THE PRODUCT: compressors that integrate into a shop’s existing pipe system. Working with water-based paints comes down to airflow, says Felder. “The corner fans really need to give you airflow top to bottom in the booth and a lot of it.” And having electric dryers are a good and new way to get that, she says, but not the only way. A lot of shops’ compressors can’t handle the conversion to waterborne. Shops will make the switch and then not understand why their air pressure and quality is reduced, says Felder. One way to alleviate that problem is to get a compressor that can be integrated into a shop’s existing pipe system, but that doesn’t require the threading or welding that can decrease the amount of air pressure coming down the pipe. Felder likes Kaeser Compressors because they have the aluminum SmartPipe system. Its lack of seams allows for more compression (for more on Kaeser Compressors, visit us.kaeser.com). Even though compressors are expensive, they’re worth it in the long run, Felder says, because having a good compressor can really help your cycle time. “You get enough airflow in a booth, you can flash a panel in like three minutes, and clean air is extremely important.”

When you go shopping, you’ve probably noticed that stores have plastic, beige devices attached to clothes to prevent theft. These are radio frequency identifications (RFIDs) that cause an alarm to go off when they go through the detectors at the store door.

What does that have to do with collision repair? Auto Body Speed Shop (ABSS) in Jacksonville, Fla., will implement RFIDs in the first quarter of 2011 to automatically update the management system and the customer as to the status of the repair, says Derek Naidoo, owner of ABSS. Naidoo’s other shops in South Africa, the U.K. and New Zealand already use RFID systems.

It works like a small-scale global positioning system (GPS), says Naidoo. An antenna is installed in the shop and attached to the server that is constantly scanning the shop and looking for the tags (RFIDs). The tags are attached to each car when it comes into the shop. The shop is mapped on the computer, and when the scanner finds a tag it shows the tag's location in the shop: estimating, disassembly, paint, and so on. Each time the scanner finds a tag, the position is recorded and given an automatic estimate of how long it will be in that location, based on the speed the previous tag took in that location, says Naidoo.
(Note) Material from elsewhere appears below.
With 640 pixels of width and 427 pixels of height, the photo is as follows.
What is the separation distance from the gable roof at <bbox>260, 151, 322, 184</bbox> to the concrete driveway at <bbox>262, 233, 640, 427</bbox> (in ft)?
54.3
Then the scanner, which is connected to the server, automatically notifies the management system, which notifies the customer the status of their car via email.

“It’s totally automatic, there’s no human intervention,” says Naidoo.
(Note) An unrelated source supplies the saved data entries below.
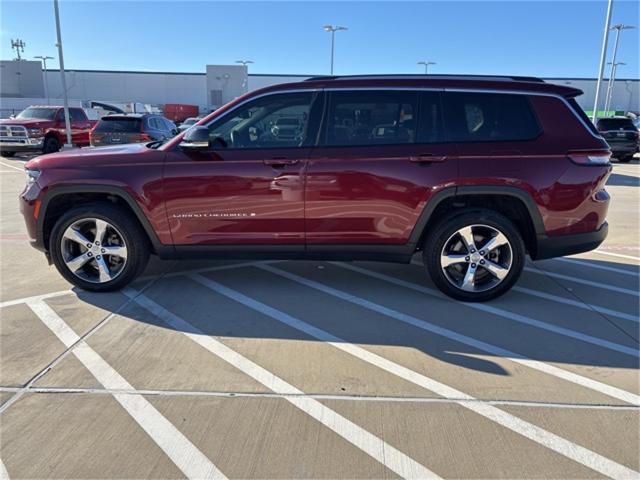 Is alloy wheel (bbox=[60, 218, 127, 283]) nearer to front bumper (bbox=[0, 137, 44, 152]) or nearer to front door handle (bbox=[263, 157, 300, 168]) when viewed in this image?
Result: front door handle (bbox=[263, 157, 300, 168])

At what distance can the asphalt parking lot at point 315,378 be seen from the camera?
2418mm

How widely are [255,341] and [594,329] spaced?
9.04 feet

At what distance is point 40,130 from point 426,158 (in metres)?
17.4

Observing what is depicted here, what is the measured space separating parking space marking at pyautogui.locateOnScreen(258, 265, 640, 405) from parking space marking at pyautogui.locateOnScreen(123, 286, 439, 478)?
134cm

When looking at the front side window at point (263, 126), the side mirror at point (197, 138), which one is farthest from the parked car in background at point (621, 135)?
the side mirror at point (197, 138)

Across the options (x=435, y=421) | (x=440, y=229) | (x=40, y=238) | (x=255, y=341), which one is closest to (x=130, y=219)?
(x=40, y=238)

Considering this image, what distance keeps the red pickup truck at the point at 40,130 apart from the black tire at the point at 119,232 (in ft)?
49.9

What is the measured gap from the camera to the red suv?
4.13 meters

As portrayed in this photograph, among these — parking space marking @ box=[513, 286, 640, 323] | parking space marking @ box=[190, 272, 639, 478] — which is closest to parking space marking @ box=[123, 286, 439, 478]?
parking space marking @ box=[190, 272, 639, 478]

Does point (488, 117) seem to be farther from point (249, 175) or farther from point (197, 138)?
point (197, 138)

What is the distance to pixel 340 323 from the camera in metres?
3.96

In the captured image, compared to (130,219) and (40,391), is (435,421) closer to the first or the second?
(40,391)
So far RFIDs have worked pretty well for Naidoo’s international locations, says Naidoo. For most shops, this kind of technology might seem more like science fiction—or a large time investment—since it’s not on the market. Naidoo says it’s not hard to rig up a system like this, if you can get your hands on the RFID technology. Two suppliers to try:

Rfidtags.com: offers products tailored to the automotive industry;

Rfidsupplychain.com: offers RFID training courses.

Naidoo also emphasizes the importance of integrating such cutting-edge technology with what you already have. “It’s got to tie in with the rest of your shop’s technology. It’s necessity that creates creativity. If there wasn’t a need for it I would’ve just done what everyone else has done.”